In 1962, Yves Saint Laurent along with Pierre Berge, opened his own haute couture house at 30 bis rue Spontini in the 16th arrondissement of Paris, that later moved at 5 avenue Marceau on July 14, 1974. The haute couture house closed in October 2002 and became the Fondation Yves Saint Laurent and Pierre Berge. Its primary mission is to conserve and promote Saint Laurent's work. In 1962 he also decided to set aside certain designs after each show and in 1982 the word museum first appeared in the ateliers' specifications sheets for these pieces, which were taken off the market and kept in special storerooms beggining in 1997. This legacy, composed of thousands of designs and all of the documents related to their creation, is unequaled in the fashion world. Today the hause couture house has been designated a "Musee de France" celebrating the creative genius of someone who remains one of the greatest couturiers of the twentieth century.


     On the ground floor were the salons, where fashion shows were also held up until 1976, when they were presented at the Hotel Inter Continental. There the shows became true spectacles accompanied by music. The salon which housed the accessories, has remained unchanged. The first section brings together the designs that have come to define YSL's signature style. Each one borrows from menswear and has adapted to the female body. These garments once belonged exclusively to the utilitarian male wardrobe. Saint Laurent kept the cut, comfort and practical aspects of these pieces and adjusted them for a feminine silhouette in way that combined simplicity and elegance. All of these pieces were created in 1970, the same year as the start of the women's liberation movement.
Blue jacket, taken from an ultimate
men style with golden pieces.



In the middle the famous safari jacket.


  Each season was the occasion for a new collection. For each of his collections Yves Saint Laurent made countless sketches in Morocco, a country he first discovered in 1966. These sketches were later given to his ateliers. Later fabrics were chosen and fittings were carried out. Each design, along with the fabric swatch, was reproduced on an atelier's specification sheet- or Bible, as it was known. All the necessary details for creating the garment were recorded on it.
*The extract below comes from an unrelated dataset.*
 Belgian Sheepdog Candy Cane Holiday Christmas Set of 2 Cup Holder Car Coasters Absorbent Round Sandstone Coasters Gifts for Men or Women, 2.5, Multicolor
Collection boards sorted by type were then made to give an overview of the fashion show. YSL first learned this practise while he was apprentice at Dior at the age of 20.

     All of these garments were classified according to a specific type: suit, dress or coat. The program of a fashion show followed an entire day's wardrobe from morning to evening including a cocktail look. Haute couture was part of a way of life that attributed a specifitc outfit to each moment of the day. A collection was comprised of approximately one hundred designs, each accessorized and reflecting the inspiration of the artist, the moments, and the era.

Οriginal YSL sketches.





    Yves Saint Laurent participated in a long tradition of collaboration between haute couture houses and skilled craftspeople such as weavers, dyers, printers, embroiderers, plumassiers, goldsmiths and silversmiths. Each artisanal house had a specific focus as well as its own techniques and style. Textiles had to correspond to the draped effect the couturier wanted to create. They were chosen according to the structure of the weave that best fit the design's silhouette. The weave is determined by the way in which the threads are interlaced. Saint Laurent first chose the color and the ground weave. The fabric was then decorated with the desired pattern, which was woven, printed, embroidered or appliqued.

   These garments which are true masterpieces attest to the skills that have been handed down over the years and which haved endured thanks to the couturier's rigor and perfectionism. The close relationships he established with these highly-skilled artisans made it possible to create his most elaborate designs. The quality of the materials that were used and the complex process involved in implementing them meant that hundred of hours of work were necessary to make a piece.





The most beautiful trips I took were through books, on my couch, in my living room.          - YSL






    The couturier sought inspiration from a variety of sources. Through his "imaginary" or "armchair" travels, he came up with a dream vision of faraway lands, which was imbued with knowledge gleaned at once from his readings and direct contact with artwork. These various types of "exoticism" took Saint Laurent to Morocco, sub-Saharan Africa, Russia, Spain and Asia. He drew on the bright colors, shapes, and fabrics from each of these places to create a composition that was never a disguise but instead revealed his own imaginary vision of a distant place

















    Yves Saint Laurent explored the history of fashion through his designs. He transformed the antique togas worn by vestals into draped evening gowns. His medieval inspired gowns with embroidery recalling orfevrerie faithfully recreated the feminine silhouettes of the Middle Ages. He was also inspired by Renaissance dresses made of precious fabrics embroidedred with golden thread, seventeenth century gowns displaying the wealth and opulence of the royal court ( which aristocrats and courtesans would go on to popularize in the eighteenth century), and nineteenth century crinolinees. The designs that marked the twentieth century reflected the social changes and trends that punctuated it. From the Roaring Twenties to the retro style of the 1940s the modernity of these periods comes across in the couturier's creations which offer a vision at once admiring and distant.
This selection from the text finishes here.